Drug induced erythema multiforme of the oral cavity

Nalini Aswath 1,*, Rajalakshmi Rakshana 1
PMCID: PMC9769071  PMID: 36628160

ABSTRACT

Drug induced erythema multiforme (EM) is a rare clinical entity which majorly involves the oral cavity. It commonly occurs due to intake of drugs such as NSAID’S, certain antibiotics, and anticonvulsants. It is characterized by rapidly rupturing vesicles leading to ill-defined erosions in the oral cavity and encrusted lip lesions. These lesions are usually difficult to differentiate from other vesiculo bullous and ulcerative lesions which would have a similar presentation and the absence of skin lesions can sometimes lead to misdiagnosis.
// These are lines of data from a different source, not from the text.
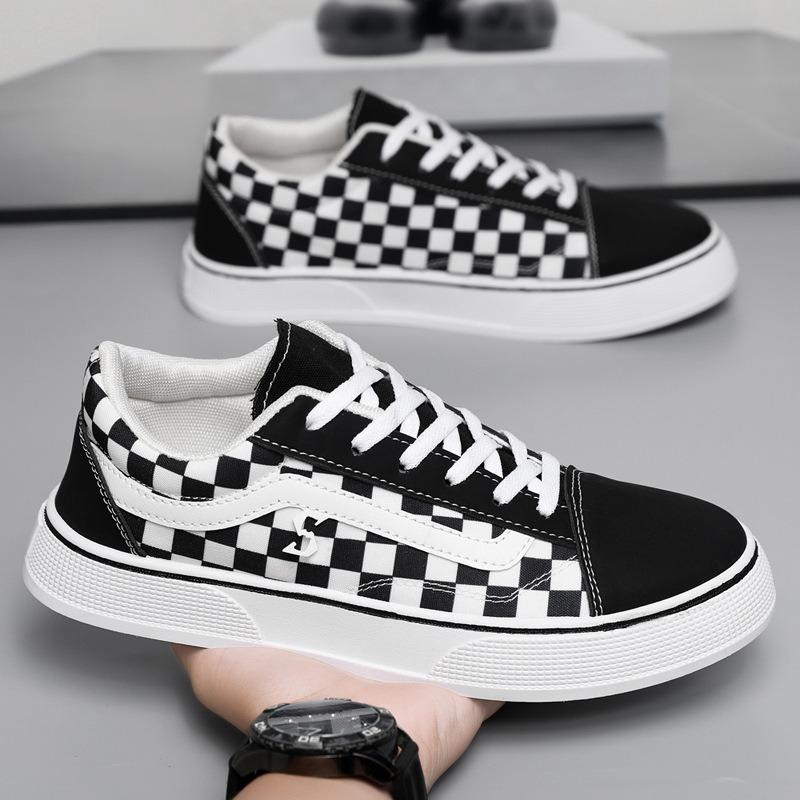 

Весенне-осенняя мужская обувь классические низкие парусиновые кеды мужские ученики средней школы повседневные универсальные кеды для скейтборда пара модная обувь 44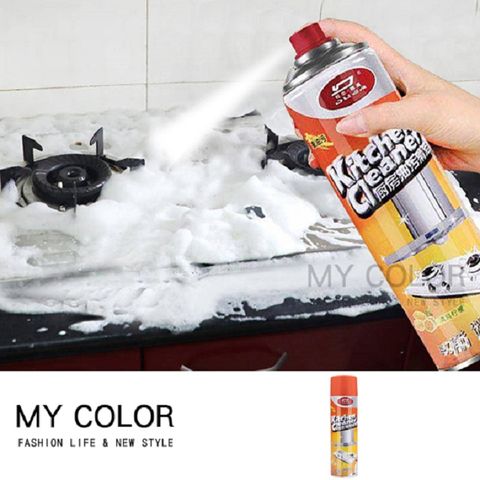 My Color 【1+1組】泡沫型廚房油污清潔劑 500ML 清潔劑 萬用清潔劑 清洗劑 【Q146】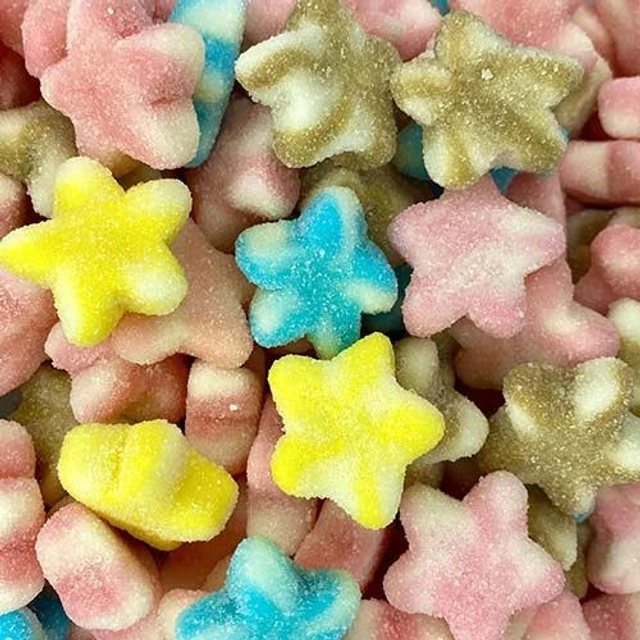 Etoiles multicolores 100g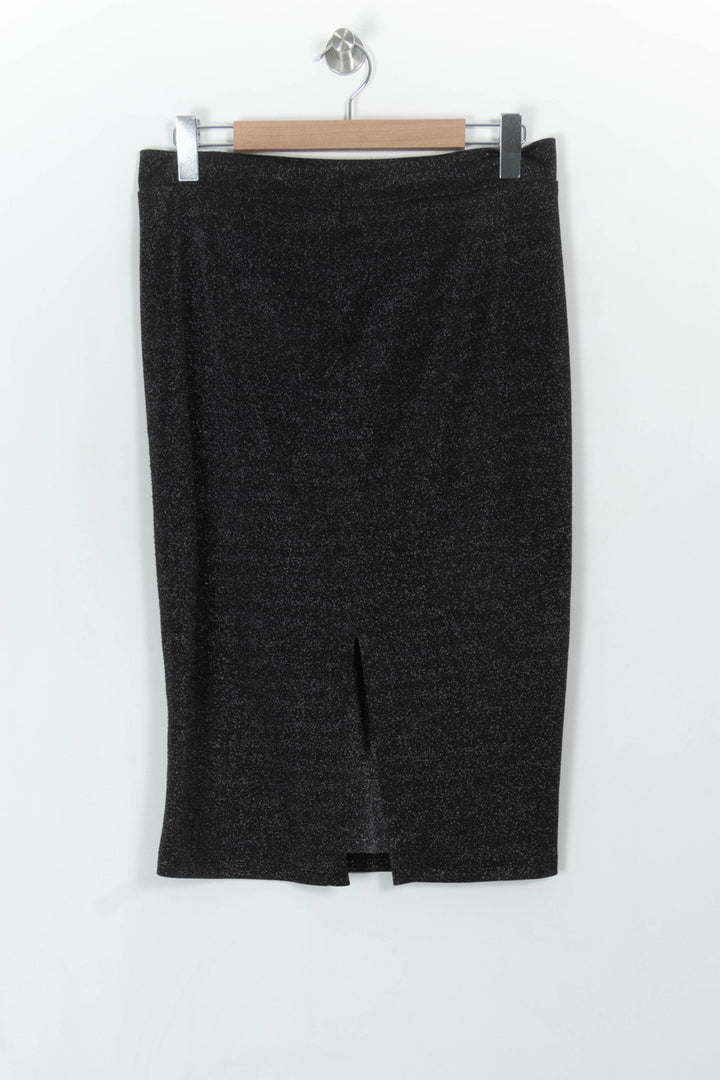 Jupe Crayon Noire - Taille L/40 de la marque La Fée Maraboutée | PARAD120857 - Vendu par Paradigme - Image 5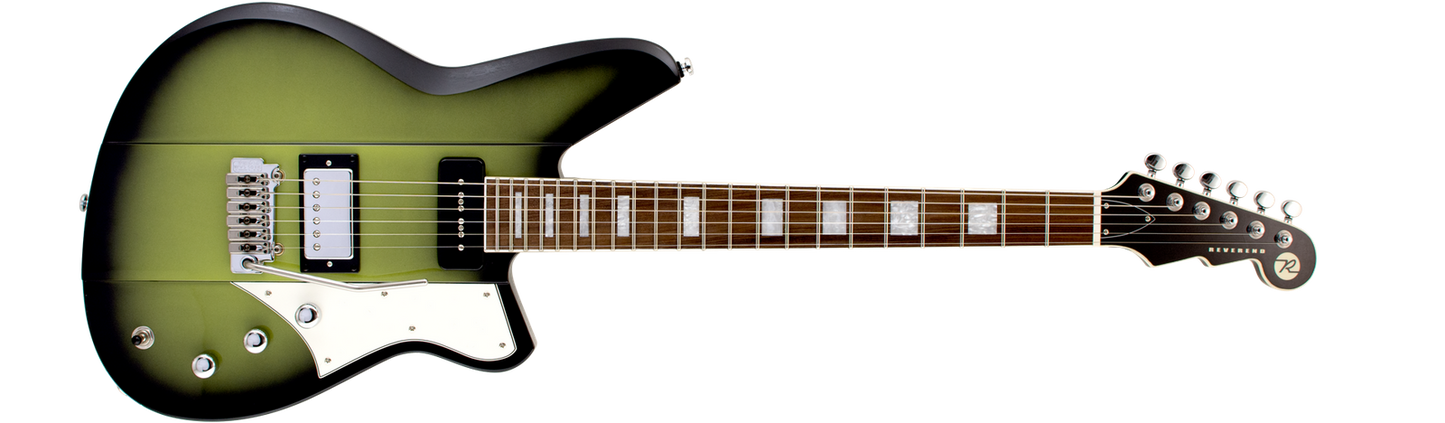 Reverend Warhawk DAW w/ Wilkinson Tremolo Avocado Burst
Drug induced EM has an acute onset and is a self-limiting inflammatory hypersensitivity reaction that causes blistering and ulcerations of the skin and mucous membrane. The lesions heal following the discontinuation of the causative medications. This case report describes a case of drug induced erythema multiforme of the oral cavity that occurred consequent to the intake of Tab.Diclofenac Sodium and Tab.Cephelexin. The patient developed painful, bleeding, burning ulcerations with severe crustations on the upper, and lower lip, lateral and ventral surface of tongue, hard palate and retro molar regions. The case was managed with corticosteroids.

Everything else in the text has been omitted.